Work order:
From top to bottom, print the listing word for word and skip any pictures it contains.

Data shown:

○ ○ ○

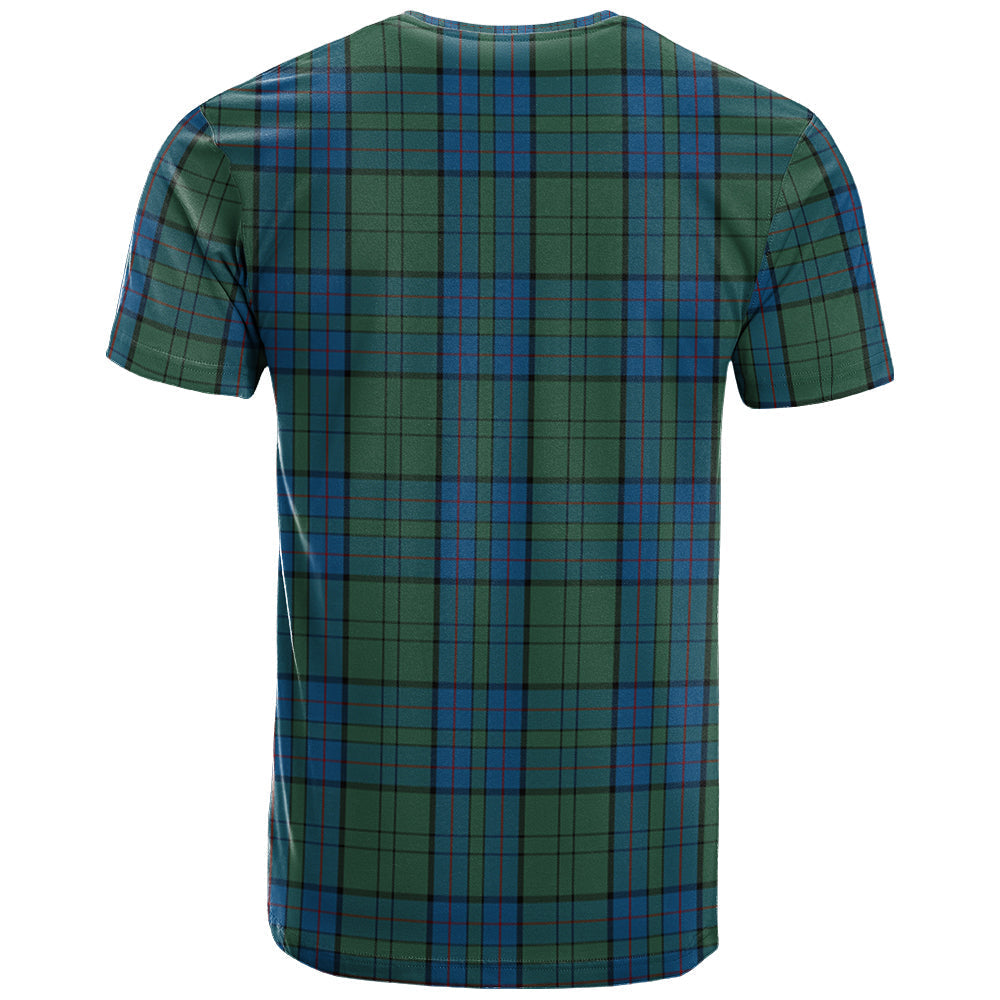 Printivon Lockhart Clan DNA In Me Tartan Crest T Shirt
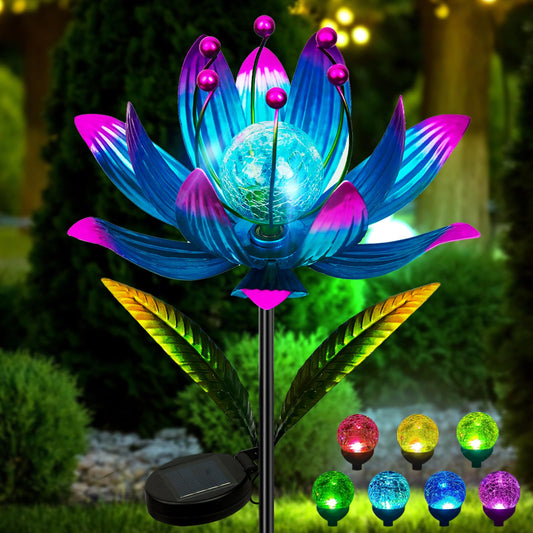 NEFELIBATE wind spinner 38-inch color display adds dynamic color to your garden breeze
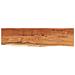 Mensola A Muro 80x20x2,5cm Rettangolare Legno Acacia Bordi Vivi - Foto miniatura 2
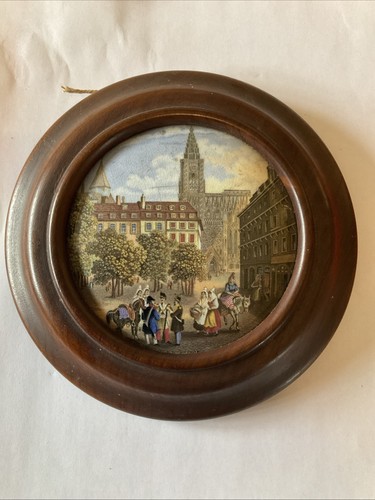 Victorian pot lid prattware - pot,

○ ○ ○

Expected answer:
 Printivon Lockhart Clan DNA In Me Tartan Crest T Shirt
 NEFELIBATE wind spinner 38-inch color display adds dynamic color to your garden breeze
 Mensola A Muro 80x20x2,5cm Rettangolare Legno Acacia Bordi Vivi - Foto miniatura 2
 Victorian pot lid prattware - pot,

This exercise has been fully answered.